Sebastian is an odd little fish. He has this child like curiosity that no other Betta I have has shown. He assumes everything is food until he puts it in his mouth. Even though I've only had him for about a week, and he's only been in a tank for a few days, he has warmed up to me. He comes up to the front of his tank and wiggles for me. He's not scared of my hand at all, he swims up to my hand if it's in the tank and tries to nip me (everything is food until tested). He loves laying on his plants even though they're tiny. I wonder if he remembers me from the months I'd visit him in the store? I haven't had a Betta show interest in me so quickly. 

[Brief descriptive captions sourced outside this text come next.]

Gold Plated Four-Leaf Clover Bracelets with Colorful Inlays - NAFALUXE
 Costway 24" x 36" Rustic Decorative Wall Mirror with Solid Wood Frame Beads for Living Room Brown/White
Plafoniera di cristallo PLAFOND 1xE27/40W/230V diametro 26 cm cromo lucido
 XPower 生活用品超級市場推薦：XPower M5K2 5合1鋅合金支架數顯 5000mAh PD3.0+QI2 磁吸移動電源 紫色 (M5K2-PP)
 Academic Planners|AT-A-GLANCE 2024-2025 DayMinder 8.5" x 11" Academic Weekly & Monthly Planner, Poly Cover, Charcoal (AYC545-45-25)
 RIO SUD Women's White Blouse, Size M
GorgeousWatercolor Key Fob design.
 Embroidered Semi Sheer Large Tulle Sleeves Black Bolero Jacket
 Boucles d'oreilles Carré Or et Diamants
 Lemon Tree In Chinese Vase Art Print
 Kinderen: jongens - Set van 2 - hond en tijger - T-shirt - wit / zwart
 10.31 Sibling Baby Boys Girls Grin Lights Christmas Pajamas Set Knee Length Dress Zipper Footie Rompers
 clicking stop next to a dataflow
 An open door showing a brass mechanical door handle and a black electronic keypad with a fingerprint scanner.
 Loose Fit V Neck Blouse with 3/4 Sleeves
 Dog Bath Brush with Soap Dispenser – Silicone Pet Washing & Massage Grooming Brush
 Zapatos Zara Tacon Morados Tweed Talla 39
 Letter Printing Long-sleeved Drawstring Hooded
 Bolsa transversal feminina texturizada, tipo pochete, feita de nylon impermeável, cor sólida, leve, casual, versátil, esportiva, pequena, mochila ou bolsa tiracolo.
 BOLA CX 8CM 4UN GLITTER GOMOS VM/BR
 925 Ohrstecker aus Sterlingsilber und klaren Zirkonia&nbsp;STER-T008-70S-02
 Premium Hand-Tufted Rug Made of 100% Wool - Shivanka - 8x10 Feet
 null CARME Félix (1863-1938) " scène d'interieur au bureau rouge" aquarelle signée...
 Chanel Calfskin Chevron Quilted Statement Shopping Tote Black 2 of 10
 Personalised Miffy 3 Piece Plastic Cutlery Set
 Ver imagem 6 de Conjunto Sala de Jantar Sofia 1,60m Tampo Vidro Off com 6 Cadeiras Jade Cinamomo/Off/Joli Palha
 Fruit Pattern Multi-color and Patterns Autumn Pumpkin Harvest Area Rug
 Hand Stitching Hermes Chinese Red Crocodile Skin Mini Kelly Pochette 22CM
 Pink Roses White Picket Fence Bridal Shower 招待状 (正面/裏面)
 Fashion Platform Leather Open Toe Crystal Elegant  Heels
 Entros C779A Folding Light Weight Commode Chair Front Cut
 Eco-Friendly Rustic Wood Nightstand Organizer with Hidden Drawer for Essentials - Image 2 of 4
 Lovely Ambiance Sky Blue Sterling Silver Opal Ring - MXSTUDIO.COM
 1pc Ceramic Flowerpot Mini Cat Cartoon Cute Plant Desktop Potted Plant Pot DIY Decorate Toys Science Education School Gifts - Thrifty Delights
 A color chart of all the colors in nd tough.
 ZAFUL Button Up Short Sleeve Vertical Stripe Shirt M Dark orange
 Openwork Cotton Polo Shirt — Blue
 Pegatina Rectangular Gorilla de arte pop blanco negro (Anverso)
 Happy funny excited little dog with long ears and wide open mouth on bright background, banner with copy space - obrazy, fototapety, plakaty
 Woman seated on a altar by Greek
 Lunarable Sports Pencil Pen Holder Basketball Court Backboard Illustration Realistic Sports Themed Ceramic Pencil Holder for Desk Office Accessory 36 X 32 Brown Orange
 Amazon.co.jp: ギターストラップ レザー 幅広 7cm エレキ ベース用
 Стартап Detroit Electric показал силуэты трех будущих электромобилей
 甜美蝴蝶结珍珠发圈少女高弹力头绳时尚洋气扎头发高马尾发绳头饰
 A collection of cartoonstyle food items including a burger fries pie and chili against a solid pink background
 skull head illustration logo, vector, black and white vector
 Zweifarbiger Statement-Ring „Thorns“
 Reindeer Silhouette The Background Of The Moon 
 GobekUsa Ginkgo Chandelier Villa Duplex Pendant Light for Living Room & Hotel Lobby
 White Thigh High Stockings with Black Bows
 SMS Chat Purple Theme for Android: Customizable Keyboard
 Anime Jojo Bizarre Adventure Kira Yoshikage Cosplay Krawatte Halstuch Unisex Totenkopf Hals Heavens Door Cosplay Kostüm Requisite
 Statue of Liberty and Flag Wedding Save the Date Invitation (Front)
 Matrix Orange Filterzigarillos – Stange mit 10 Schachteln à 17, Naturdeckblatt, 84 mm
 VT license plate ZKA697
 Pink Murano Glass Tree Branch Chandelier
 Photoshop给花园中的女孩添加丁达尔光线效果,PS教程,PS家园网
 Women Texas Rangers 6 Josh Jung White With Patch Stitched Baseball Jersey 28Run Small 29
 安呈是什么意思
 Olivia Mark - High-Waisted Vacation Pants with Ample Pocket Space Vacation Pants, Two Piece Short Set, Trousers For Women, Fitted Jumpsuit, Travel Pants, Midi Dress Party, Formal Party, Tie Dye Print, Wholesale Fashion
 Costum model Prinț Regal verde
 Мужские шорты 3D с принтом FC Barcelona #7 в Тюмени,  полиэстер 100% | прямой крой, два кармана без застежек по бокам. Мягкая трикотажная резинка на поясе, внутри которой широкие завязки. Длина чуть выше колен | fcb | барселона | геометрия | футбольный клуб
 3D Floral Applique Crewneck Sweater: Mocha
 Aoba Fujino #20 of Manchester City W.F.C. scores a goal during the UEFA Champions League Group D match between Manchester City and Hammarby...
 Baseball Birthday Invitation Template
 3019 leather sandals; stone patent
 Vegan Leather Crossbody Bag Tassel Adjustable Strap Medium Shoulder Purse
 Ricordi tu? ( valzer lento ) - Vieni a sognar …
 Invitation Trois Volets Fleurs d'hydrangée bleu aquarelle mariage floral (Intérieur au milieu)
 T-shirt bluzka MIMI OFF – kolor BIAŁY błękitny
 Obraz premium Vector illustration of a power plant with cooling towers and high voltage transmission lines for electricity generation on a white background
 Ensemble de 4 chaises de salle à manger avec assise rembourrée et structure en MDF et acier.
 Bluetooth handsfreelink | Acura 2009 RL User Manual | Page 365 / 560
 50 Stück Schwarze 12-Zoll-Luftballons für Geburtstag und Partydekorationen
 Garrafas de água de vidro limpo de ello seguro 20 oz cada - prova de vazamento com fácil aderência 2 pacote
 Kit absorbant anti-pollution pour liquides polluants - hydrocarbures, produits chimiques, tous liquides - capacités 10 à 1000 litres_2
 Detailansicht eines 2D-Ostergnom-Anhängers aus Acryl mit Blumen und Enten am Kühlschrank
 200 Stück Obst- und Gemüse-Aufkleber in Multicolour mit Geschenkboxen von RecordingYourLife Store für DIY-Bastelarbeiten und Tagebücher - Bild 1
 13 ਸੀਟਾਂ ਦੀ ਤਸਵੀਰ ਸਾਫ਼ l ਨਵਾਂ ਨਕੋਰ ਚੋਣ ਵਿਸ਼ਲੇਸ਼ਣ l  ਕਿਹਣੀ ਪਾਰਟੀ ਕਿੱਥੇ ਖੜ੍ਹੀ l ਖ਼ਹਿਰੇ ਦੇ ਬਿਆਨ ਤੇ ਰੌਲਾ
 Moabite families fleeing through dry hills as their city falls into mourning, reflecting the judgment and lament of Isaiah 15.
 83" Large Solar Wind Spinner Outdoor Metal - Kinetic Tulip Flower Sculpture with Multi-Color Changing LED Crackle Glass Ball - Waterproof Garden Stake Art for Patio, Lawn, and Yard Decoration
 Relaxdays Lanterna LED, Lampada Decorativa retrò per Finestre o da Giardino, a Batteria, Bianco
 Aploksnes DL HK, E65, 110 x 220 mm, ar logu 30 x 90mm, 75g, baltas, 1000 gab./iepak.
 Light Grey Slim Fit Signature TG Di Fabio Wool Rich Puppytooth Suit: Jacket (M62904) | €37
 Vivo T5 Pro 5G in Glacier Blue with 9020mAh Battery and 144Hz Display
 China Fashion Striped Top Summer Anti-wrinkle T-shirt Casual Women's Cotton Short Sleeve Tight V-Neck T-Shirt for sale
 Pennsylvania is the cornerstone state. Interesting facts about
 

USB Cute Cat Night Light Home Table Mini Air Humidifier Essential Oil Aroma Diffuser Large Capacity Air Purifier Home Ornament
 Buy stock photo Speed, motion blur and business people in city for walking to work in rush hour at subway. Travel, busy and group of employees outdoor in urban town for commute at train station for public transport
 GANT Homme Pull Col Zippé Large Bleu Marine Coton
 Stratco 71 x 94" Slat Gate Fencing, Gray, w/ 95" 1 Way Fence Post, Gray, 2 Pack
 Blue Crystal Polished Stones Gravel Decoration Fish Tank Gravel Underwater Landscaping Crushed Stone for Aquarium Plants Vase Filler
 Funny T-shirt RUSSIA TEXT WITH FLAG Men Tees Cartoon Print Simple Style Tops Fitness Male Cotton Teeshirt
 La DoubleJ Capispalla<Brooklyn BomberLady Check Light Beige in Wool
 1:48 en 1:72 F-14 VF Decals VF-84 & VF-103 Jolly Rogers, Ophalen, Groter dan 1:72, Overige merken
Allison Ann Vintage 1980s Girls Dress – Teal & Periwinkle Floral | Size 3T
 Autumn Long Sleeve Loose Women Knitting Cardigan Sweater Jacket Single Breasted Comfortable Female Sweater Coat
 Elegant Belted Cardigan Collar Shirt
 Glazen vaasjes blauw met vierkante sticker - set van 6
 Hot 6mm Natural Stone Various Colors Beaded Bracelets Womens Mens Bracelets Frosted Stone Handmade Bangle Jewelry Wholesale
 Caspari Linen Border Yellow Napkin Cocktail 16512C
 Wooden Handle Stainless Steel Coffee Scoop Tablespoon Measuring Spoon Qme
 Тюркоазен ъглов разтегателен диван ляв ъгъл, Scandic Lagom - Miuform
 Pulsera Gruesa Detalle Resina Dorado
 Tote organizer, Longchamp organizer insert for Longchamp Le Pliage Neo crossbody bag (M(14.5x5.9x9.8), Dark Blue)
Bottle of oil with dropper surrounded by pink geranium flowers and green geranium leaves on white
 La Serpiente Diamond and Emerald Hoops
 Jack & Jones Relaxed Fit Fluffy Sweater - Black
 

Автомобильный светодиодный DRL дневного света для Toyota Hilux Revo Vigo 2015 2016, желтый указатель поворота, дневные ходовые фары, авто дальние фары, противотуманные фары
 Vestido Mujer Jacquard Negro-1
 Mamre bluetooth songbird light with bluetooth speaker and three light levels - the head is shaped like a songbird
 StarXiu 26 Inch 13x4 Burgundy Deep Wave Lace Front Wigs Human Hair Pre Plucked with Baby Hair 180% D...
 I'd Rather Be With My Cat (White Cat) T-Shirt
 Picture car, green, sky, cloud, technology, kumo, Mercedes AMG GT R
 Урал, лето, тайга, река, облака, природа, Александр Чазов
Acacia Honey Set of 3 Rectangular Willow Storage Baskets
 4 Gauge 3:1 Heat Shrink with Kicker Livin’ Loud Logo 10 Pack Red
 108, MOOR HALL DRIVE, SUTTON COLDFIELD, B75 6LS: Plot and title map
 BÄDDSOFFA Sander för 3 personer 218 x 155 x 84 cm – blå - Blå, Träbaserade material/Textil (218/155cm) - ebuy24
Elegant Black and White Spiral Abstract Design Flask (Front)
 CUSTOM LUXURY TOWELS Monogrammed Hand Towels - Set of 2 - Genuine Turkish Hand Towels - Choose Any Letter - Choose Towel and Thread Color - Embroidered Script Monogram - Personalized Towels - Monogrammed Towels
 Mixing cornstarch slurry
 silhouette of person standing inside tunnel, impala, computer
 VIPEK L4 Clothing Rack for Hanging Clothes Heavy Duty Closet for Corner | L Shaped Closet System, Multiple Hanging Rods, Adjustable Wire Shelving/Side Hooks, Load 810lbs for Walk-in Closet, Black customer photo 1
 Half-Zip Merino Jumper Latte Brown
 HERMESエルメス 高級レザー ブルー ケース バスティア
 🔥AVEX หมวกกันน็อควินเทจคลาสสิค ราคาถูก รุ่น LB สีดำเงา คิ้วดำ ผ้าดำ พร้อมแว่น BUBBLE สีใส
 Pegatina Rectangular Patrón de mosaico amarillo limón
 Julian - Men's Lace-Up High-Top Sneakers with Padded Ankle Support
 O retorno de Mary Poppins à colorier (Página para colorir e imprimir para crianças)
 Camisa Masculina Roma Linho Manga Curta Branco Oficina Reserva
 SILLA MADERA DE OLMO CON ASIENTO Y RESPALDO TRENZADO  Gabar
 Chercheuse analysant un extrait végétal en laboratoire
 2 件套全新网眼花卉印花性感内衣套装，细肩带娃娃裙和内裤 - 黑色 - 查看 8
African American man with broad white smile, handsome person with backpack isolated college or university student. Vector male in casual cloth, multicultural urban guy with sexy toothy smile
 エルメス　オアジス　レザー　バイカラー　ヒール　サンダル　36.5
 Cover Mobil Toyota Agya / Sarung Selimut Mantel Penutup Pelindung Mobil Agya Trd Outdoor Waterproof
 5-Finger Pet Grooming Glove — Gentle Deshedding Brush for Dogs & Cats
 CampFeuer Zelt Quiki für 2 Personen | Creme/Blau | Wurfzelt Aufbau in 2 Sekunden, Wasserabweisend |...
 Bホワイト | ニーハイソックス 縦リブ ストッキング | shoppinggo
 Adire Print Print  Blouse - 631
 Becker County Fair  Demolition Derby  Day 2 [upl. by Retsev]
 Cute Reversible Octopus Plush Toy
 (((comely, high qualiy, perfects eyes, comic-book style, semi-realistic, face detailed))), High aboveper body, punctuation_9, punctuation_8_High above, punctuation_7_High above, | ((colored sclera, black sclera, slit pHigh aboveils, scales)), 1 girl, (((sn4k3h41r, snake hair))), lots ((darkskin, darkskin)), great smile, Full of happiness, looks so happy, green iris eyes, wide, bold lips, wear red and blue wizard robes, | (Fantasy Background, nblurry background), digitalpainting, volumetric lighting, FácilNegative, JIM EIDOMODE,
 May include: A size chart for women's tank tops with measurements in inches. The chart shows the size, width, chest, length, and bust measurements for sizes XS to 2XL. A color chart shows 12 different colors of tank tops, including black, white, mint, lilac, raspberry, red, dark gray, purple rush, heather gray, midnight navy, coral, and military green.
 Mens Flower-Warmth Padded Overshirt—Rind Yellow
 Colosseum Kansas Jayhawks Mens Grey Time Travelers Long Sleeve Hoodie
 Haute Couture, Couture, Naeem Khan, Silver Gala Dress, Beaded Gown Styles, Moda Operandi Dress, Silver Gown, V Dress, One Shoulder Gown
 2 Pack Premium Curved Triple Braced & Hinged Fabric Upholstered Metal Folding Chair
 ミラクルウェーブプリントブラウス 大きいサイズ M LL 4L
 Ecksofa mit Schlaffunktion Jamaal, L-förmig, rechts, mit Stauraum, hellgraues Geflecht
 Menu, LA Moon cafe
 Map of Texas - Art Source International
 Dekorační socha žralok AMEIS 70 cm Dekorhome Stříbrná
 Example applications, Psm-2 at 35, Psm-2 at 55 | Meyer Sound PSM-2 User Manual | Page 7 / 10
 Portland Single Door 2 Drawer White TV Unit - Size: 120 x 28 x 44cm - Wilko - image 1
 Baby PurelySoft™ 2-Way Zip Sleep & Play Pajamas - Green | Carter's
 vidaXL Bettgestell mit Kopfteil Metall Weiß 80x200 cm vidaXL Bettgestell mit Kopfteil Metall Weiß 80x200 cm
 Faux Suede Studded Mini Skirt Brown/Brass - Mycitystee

I just got a new boy today. He doesn't have a name yet, and is still a bit shy. Whenever I have an idea of what his personality is like I'll update again.


----------



## VeeDubs (Dec 17, 2015)

Ryu, HM turned rose tail. When he was sick, I found him sleeping on the floaters, so I got him a hammock, doesn't touch it. When I show him his reflection, he flairs and swims away to hide behind the filter or heater. He never bothered the cherry shrimp he lives with, so I got the shrimp some friends, he killed them all except the original one Sushi. He also likes to swim into the tightest crevices in a heavily planted tank with driftwood, likes to swim in the water bottle baffle, but if I take it off, he's not happy about it. Also likes to get in the way when I'm rearranging the plants or driftwood or changing the water, where most fish would hide. He tries to block it. I tried to move him into Spec V tank, didn't like it. But to be fair, his tank does has much more plants in it.

Silky Smooth, my the Dumbo HM, lives in the fancy Spec V tank. Does most things that bettas do. Likes to hang out near the filter intake, sleep on the outtake, rest on his hammock, hide in the plants, sleep on the dwarf baby tears bed and rest on the thermometer. He also likes to swim against the current. As soon as I put a mirror up, he'll swim from one side of the tank to the other to flair and then drop a poo. It's like clock work.


----------



## BettaFire682 (Apr 27, 2015)

*All my fish's traits*

Kirby(algee eater): Will "Litterally" jump up onto the filter so water runs down his scales. He does not like humans. If u get close to the tank he will hide behind the filter tube.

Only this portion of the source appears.